Thursday, January 21, 2010

Cultural Differences

In preparation for the Olympics the Associated Press put together a list of words/phrases unique to Canada. Other than “eh” at the end of our sentences I never really thought much about the linguistic differences between Canada and our neighbours to the south. (Although I do insist upon Canadian spelling… is neighbour with a u not neighbor) If you are interested in the list, here is the link…

The article got me thinking about (not aboot) other differences between our two countries. The first thing I thought of was vinegar on our French fries. I learned early on in my travels to never, ever order your French fries with vinegar in the States. They put on this gawd awful cider vinegar stuff. Everyone knows French fries (not liberty fries) are best doused in white vinegar. You have to be careful ordering iced tea as well…..not that I drink the stuff. I remember traveling companions ordering Ice Tea in the States and getting a tea bag in hot water with ice cubes in it. Now what is that all about?After we eat our meal we wipe our mouths with a serviette.

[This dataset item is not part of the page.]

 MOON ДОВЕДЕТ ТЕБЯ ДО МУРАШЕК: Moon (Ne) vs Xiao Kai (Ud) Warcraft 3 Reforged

Don’t get me started on American beer……I am sure everyone has heard the joke about how American beer is like making love in a canoe…….they’re both like f#@$%ing near water!!! (I know, I should be old enough to actually type that word…but what if my mother reads this one day?) After enough beer Canadians go to the washroom or sometimes the bathroom…but we don’t take a bath in there.

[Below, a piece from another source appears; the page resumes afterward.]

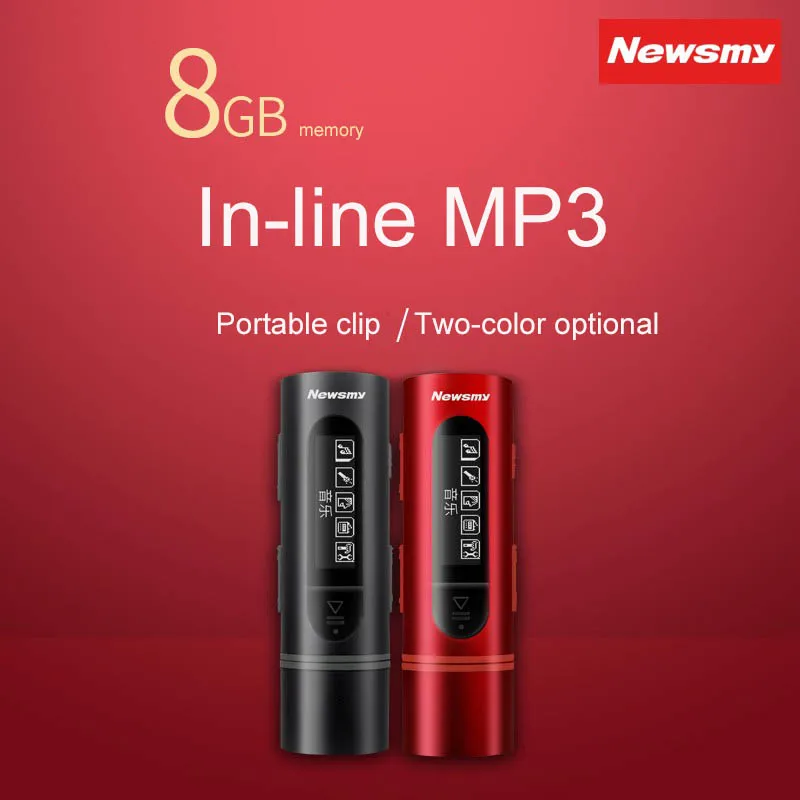 

Hi-Fi плеер Newman B55, музыка без потерь, MP3, мини-зажим для задней панели, FM, устройство для чтения TF-карт, расширение AB повторение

The Associated Press list mentioned we call electricity hydro. Doesn’t everyone call it hydro? Hmmmm. I am sitting in the dark as I type this because of my hydro bill but I will rant about hydro another day.

There are so many other cultural differences but I can’t seem to think of any more right now….I would love if there are any readers out there willing to add some of their own.

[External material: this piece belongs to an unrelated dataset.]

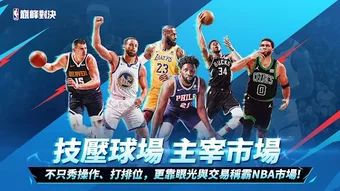 Image 0 for NBA巔峰對決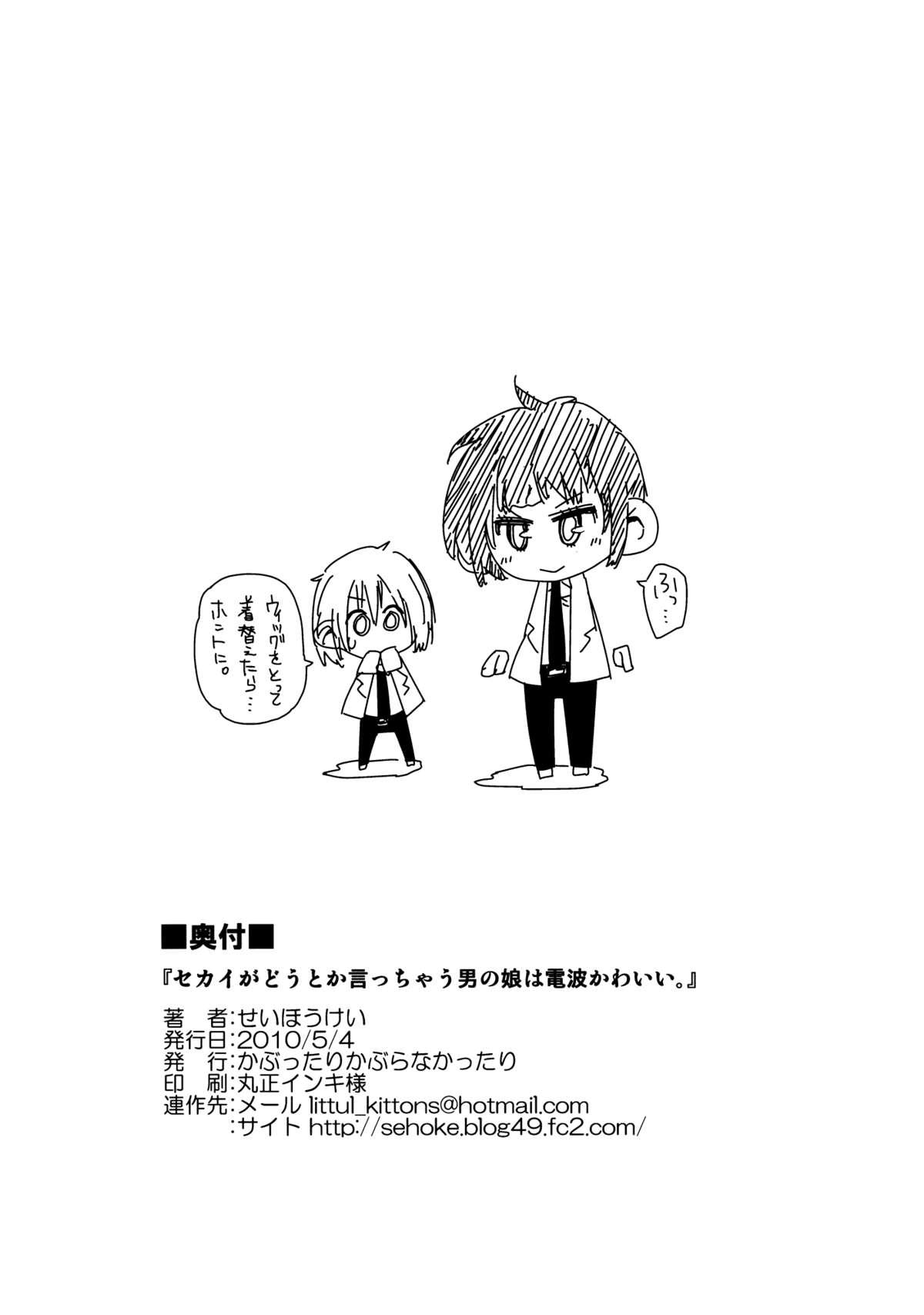 Chat Sekai ga Dou Toka itsu Chau Otoko no Musume wa Denpa Kawaii. Gay Toys - Page 20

By the way......if City Wendy is reading this let me know if you have any questions about surviving your trip to Canada. I can't wait to hear all about your Olympic experiences....I am sooooo jealous you get to go, even if Drew is working crazy hours. At least you are both there AT THE OLYMPICS!!

Tuesday, January 5, 2010

Advertising in the Age of Blogging

I am not really sure why I blog but I know I have no allusions of making money at it. Nevertheless some time ago I signed up to allow advertising on my site. After reading the fine print I finally figured out if I blog enough and get enough “hits” over a period of years, I will be able to buy a pack of gum.

I am amazed at the ads pasted to my blog.

When I first started blogging many of my posts had to do with cottage life since it was the time of year when all things in our household revolve around the cottage. The ads for most of my posts were sites for cottage related items as well as cottage rental sites. Because the ads so quickly appeared after hitting each new “send” button, I pictured someone in a dark suit and skinny tie like in “Mad Men” just waiting for me to be inspired to blog and to set me up with a suitable sponsor. Lately however, I have become worried my sponsors have not been as suitable as they once were. Here is a list of some of my recent blog themes and the attached ads:

The Holiday is Over (Terry cutting up our Christmas tree in a million pieces)
  • Toronto Junk Removal
  • Christmas Hair Styles

Happy New Year! (About finally becoming an empty nester….again)
  • Dating at
  • Sponsor a Family Member

Enjoying Christmas Vacation (a list of all the things I did over the holidays including watching the entire Season 4 of Dexter)
  • Explaining Death to Children

If there is anyone out there interested in removing junk from Toronto while sporting a cool Christmas hairstyle with your new date from all while welcoming your newly sponsored family member here to explain death to your children…….I will share my pack of gum with you.

Saturday, January 2, 2010

The Holiday is Over

Today I gathered up of the decorations and put them in a box ready for storage for another year. All of the Christmas tree ornaments are put away and the lights and garland are carefully stored so they won’t be a massive tangle next year. Although we all know no matter how I tried, somehow light bulbs will be missing and there will be snarls requiring the patience of Job to untangle.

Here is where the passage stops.